• [GOAL OF THE EXERCISE]: Retype the data below without altering anything.

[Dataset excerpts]
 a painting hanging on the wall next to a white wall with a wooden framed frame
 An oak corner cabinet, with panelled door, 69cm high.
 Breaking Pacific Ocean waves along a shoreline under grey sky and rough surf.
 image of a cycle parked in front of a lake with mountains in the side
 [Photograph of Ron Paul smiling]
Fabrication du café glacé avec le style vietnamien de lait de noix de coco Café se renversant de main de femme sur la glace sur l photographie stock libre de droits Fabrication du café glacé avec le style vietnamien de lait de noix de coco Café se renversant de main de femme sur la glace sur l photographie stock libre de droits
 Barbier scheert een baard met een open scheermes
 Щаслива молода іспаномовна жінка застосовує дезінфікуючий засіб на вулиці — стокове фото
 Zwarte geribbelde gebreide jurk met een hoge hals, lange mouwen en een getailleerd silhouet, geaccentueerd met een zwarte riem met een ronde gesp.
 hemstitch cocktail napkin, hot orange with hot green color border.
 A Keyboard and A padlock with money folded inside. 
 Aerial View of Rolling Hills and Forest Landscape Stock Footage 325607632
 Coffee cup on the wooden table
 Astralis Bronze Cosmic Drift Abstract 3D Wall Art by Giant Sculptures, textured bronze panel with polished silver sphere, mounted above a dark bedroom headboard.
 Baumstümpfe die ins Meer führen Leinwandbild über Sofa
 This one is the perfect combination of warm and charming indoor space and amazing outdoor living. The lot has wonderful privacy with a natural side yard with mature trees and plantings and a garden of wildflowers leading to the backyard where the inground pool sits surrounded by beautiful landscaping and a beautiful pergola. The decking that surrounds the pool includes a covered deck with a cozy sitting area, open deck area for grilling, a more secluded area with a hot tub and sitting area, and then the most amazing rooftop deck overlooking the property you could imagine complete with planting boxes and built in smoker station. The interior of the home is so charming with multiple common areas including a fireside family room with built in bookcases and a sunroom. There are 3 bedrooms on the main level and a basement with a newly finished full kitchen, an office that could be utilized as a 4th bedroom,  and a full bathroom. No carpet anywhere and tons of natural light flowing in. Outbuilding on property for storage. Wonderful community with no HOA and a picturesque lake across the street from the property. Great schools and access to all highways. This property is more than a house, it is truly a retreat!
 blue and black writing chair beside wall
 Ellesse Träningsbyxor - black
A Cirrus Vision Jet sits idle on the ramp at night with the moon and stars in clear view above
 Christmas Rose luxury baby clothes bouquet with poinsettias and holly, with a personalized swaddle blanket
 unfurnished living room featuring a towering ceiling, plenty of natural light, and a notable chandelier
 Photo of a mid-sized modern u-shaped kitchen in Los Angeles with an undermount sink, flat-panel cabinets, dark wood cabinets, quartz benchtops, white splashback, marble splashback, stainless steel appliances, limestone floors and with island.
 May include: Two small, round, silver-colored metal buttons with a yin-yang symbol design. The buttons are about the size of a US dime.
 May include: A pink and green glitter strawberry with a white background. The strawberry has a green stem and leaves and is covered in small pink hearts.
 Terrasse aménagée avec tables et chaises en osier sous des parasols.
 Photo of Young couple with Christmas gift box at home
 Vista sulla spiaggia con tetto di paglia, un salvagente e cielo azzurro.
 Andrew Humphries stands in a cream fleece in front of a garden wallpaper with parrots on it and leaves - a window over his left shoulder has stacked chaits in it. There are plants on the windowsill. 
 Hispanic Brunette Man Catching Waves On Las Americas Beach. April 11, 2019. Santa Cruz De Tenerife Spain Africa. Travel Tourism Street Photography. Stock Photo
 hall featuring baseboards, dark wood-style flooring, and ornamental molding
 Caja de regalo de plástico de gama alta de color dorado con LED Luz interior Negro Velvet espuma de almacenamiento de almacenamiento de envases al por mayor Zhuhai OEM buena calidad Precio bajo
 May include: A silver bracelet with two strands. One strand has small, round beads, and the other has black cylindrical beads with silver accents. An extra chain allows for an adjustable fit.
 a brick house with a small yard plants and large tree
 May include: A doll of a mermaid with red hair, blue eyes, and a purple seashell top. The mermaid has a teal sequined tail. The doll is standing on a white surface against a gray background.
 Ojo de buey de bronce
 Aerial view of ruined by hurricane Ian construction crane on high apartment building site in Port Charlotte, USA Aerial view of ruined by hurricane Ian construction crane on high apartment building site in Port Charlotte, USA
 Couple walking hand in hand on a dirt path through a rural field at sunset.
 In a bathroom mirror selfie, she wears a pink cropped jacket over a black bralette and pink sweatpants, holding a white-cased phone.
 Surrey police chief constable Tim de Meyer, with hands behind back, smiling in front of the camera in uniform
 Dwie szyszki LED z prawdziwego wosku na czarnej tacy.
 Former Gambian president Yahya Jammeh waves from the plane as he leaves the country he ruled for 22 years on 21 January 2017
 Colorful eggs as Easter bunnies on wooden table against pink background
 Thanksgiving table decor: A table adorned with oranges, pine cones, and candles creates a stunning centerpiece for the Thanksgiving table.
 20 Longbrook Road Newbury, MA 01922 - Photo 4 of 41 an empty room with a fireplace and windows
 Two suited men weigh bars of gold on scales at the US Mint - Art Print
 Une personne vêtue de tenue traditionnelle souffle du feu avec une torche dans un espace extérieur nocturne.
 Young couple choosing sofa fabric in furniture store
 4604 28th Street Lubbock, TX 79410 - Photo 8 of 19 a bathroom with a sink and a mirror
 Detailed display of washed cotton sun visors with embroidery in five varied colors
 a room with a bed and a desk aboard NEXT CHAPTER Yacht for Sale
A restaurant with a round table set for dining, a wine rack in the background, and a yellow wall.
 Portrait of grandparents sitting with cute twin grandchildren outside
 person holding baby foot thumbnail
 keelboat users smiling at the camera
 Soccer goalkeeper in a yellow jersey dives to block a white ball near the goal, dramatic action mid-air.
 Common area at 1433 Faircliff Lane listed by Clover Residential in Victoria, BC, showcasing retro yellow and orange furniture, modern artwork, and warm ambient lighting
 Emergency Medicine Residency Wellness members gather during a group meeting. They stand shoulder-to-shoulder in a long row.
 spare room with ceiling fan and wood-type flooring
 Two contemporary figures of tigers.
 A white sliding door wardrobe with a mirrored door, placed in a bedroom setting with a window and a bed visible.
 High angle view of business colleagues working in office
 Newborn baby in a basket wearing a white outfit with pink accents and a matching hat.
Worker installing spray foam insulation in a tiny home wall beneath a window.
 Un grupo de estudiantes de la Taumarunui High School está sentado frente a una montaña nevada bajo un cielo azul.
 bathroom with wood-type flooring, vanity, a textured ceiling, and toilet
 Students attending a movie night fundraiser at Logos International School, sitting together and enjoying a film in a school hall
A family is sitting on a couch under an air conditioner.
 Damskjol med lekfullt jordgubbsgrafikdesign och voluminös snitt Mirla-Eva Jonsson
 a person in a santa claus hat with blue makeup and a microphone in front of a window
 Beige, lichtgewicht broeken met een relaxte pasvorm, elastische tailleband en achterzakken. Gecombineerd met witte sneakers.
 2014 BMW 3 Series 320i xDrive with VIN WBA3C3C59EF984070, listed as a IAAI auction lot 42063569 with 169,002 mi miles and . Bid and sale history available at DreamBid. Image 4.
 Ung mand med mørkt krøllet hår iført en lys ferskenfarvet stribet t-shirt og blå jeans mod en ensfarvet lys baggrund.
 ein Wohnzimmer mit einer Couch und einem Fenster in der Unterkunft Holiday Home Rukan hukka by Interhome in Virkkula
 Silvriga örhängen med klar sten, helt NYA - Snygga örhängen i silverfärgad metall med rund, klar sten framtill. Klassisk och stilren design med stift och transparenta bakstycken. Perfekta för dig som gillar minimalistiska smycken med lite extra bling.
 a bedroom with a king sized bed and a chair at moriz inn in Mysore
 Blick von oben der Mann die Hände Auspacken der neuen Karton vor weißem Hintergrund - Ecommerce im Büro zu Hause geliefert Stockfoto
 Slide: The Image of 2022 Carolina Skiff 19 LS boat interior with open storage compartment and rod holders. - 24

• [RESPONSE TO THIS EXERCISE]:
 a painting hanging on the wall next to a white wall with a wooden framed frame
 An oak corner cabinet, with panelled door, 69cm high.
 Breaking Pacific Ocean waves along a shoreline under grey sky and rough surf.
 image of a cycle parked in front of a lake with mountains in the side
 [Photograph of Ron Paul smiling]
Fabrication du café glacé avec le style vietnamien de lait de noix de coco Café se renversant de main de femme sur la glace sur l photographie stock libre de droits Fabrication du café glacé avec le style vietnamien de lait de noix de coco Café se renversant de main de femme sur la glace sur l photographie stock libre de droits
 Barbier scheert een baard met een open scheermes
 Щаслива молода іспаномовна жінка застосовує дезінфікуючий засіб на вулиці — стокове фото
 Zwarte geribbelde gebreide jurk met een hoge hals, lange mouwen en een getailleerd silhouet, geaccentueerd met een zwarte riem met een ronde gesp.
 hemstitch cocktail napkin, hot orange with hot green color border.
 A Keyboard and A padlock with money folded inside. 
 Aerial View of Rolling Hills and Forest Landscape Stock Footage 325607632
 Coffee cup on the wooden table
 Astralis Bronze Cosmic Drift Abstract 3D Wall Art by Giant Sculptures, textured bronze panel with polished silver sphere, mounted above a dark bedroom headboard.
 Baumstümpfe die ins Meer führen Leinwandbild über Sofa
 This one is the perfect combination of warm and charming indoor space and amazing outdoor living. The lot has wonderful privacy with a natural side yard with mature trees and plantings and a garden of wildflowers leading to the backyard where the inground pool sits surrounded by beautiful landscaping and a beautiful pergola. The decking that surrounds the pool includes a covered deck with a cozy sitting area, open deck area for grilling, a more secluded area with a hot tub and sitting area, and then the most amazing rooftop deck overlooking the property you could imagine complete with planting boxes and built in smoker station. The interior of the home is so charming with multiple common areas including a fireside family room with built in bookcases and a sunroom. There are 3 bedrooms on the main level and a basement with a newly finished full kitchen, an office that could be utilized as a 4th bedroom,  and a full bathroom. No carpet anywhere and tons of natural light flowing in. Outbuilding on property for storage. Wonderful community with no HOA and a picturesque lake across the street from the property. Great schools and access to all highways. This property is more than a house, it is truly a retreat!
 blue and black writing chair beside wall
 Ellesse Träningsbyxor - black
A Cirrus Vision Jet sits idle on the ramp at night with the moon and stars in clear view above
 Christmas Rose luxury baby clothes bouquet with poinsettias and holly, with a personalized swaddle blanket
 unfurnished living room featuring a towering ceiling, plenty of natural light, and a notable chandelier
 Photo of a mid-sized modern u-shaped kitchen in Los Angeles with an undermount sink, flat-panel cabinets, dark wood cabinets, quartz benchtops, white splashback, marble splashback, stainless steel appliances, limestone floors and with island.
 May include: Two small, round, silver-colored metal buttons with a yin-yang symbol design. The buttons are about the size of a US dime.
 May include: A pink and green glitter strawberry with a white background. The strawberry has a green stem and leaves and is covered in small pink hearts.
 Terrasse aménagée avec tables et chaises en osier sous des parasols.
 Photo of Young couple with Christmas gift box at home
 Vista sulla spiaggia con tetto di paglia, un salvagente e cielo azzurro.
 Andrew Humphries stands in a cream fleece in front of a garden wallpaper with parrots on it and leaves - a window over his left shoulder has stacked chaits in it. There are plants on the windowsill. 
 Hispanic Brunette Man Catching Waves On Las Americas Beach. April 11, 2019. Santa Cruz De Tenerife Spain Africa. Travel Tourism Street Photography. Stock Photo
 hall featuring baseboards, dark wood-style flooring, and ornamental molding
 Caja de regalo de plástico de gama alta de color dorado con LED Luz interior Negro Velvet espuma de almacenamiento de almacenamiento de envases al por mayor Zhuhai OEM buena calidad Precio bajo
 May include: A silver bracelet with two strands. One strand has small, round beads, and the other has black cylindrical beads with silver accents. An extra chain allows for an adjustable fit.
 a brick house with a small yard plants and large tree
 May include: A doll of a mermaid with red hair, blue eyes, and a purple seashell top. The mermaid has a teal sequined tail. The doll is standing on a white surface against a gray background.
 Ojo de buey de bronce
 Aerial view of ruined by hurricane Ian construction crane on high apartment building site in Port Charlotte, USA Aerial view of ruined by hurricane Ian construction crane on high apartment building site in Port Charlotte, USA
 Couple walking hand in hand on a dirt path through a rural field at sunset.
 In a bathroom mirror selfie, she wears a pink cropped jacket over a black bralette and pink sweatpants, holding a white-cased phone.
 Surrey police chief constable Tim de Meyer, with hands behind back, smiling in front of the camera in uniform
 Dwie szyszki LED z prawdziwego wosku na czarnej tacy.
 Former Gambian president Yahya Jammeh waves from the plane as he leaves the country he ruled for 22 years on 21 January 2017
 Colorful eggs as Easter bunnies on wooden table against pink background
 Thanksgiving table decor: A table adorned with oranges, pine cones, and candles creates a stunning centerpiece for the Thanksgiving table.
 20 Longbrook Road Newbury, MA 01922 - Photo 4 of 41 an empty room with a fireplace and windows
 Two suited men weigh bars of gold on scales at the US Mint - Art Print
 Une personne vêtue de tenue traditionnelle souffle du feu avec une torche dans un espace extérieur nocturne.
 Young couple choosing sofa fabric in furniture store
 4604 28th Street Lubbock, TX 79410 - Photo 8 of 19 a bathroom with a sink and a mirror
 Detailed display of washed cotton sun visors with embroidery in five varied colors
 a room with a bed and a desk aboard NEXT CHAPTER Yacht for Sale
A restaurant with a round table set for dining, a wine rack in the background, and a yellow wall.
 Portrait of grandparents sitting with cute twin grandchildren outside
 person holding baby foot thumbnail
 keelboat users smiling at the camera
 Soccer goalkeeper in a yellow jersey dives to block a white ball near the goal, dramatic action mid-air.
 Common area at 1433 Faircliff Lane listed by Clover Residential in Victoria, BC, showcasing retro yellow and orange furniture, modern artwork, and warm ambient lighting
 Emergency Medicine Residency Wellness members gather during a group meeting. They stand shoulder-to-shoulder in a long row.
 spare room with ceiling fan and wood-type flooring
 Two contemporary figures of tigers.
 A white sliding door wardrobe with a mirrored door, placed in a bedroom setting with a window and a bed visible.
 High angle view of business colleagues working in office
 Newborn baby in a basket wearing a white outfit with pink accents and a matching hat.
Worker installing spray foam insulation in a tiny home wall beneath a window.
 Un grupo de estudiantes de la Taumarunui High School está sentado frente a una montaña nevada bajo un cielo azul.
 bathroom with wood-type flooring, vanity, a textured ceiling, and toilet
 Students attending a movie night fundraiser at Logos International School, sitting together and enjoying a film in a school hall
A family is sitting on a couch under an air conditioner.
 Damskjol med lekfullt jordgubbsgrafikdesign och voluminös snitt Mirla-Eva Jonsson
 a person in a santa claus hat with blue makeup and a microphone in front of a window
 Beige, lichtgewicht broeken met een relaxte pasvorm, elastische tailleband en achterzakken. Gecombineerd met witte sneakers.
 2014 BMW 3 Series 320i xDrive with VIN WBA3C3C59EF984070, listed as a IAAI auction lot 42063569 with 169,002 mi miles and . Bid and sale history available at DreamBid. Image 4.
 Ung mand med mørkt krøllet hår iført en lys ferskenfarvet stribet t-shirt og blå jeans mod en ensfarvet lys baggrund.
 ein Wohnzimmer mit einer Couch und einem Fenster in der Unterkunft Holiday Home Rukan hukka by Interhome in Virkkula
 Silvriga örhängen med klar sten, helt NYA - Snygga örhängen i silverfärgad metall med rund, klar sten framtill. Klassisk och stilren design med stift och transparenta bakstycken. Perfekta för dig som gillar minimalistiska smycken med lite extra bling.
 a bedroom with a king sized bed and a chair at moriz inn in Mysore
 Blick von oben der Mann die Hände Auspacken der neuen Karton vor weißem Hintergrund - Ecommerce im Büro zu Hause geliefert Stockfoto
 Slide: The Image of 2022 Carolina Skiff 19 LS boat interior with open storage compartment and rod holders. - 24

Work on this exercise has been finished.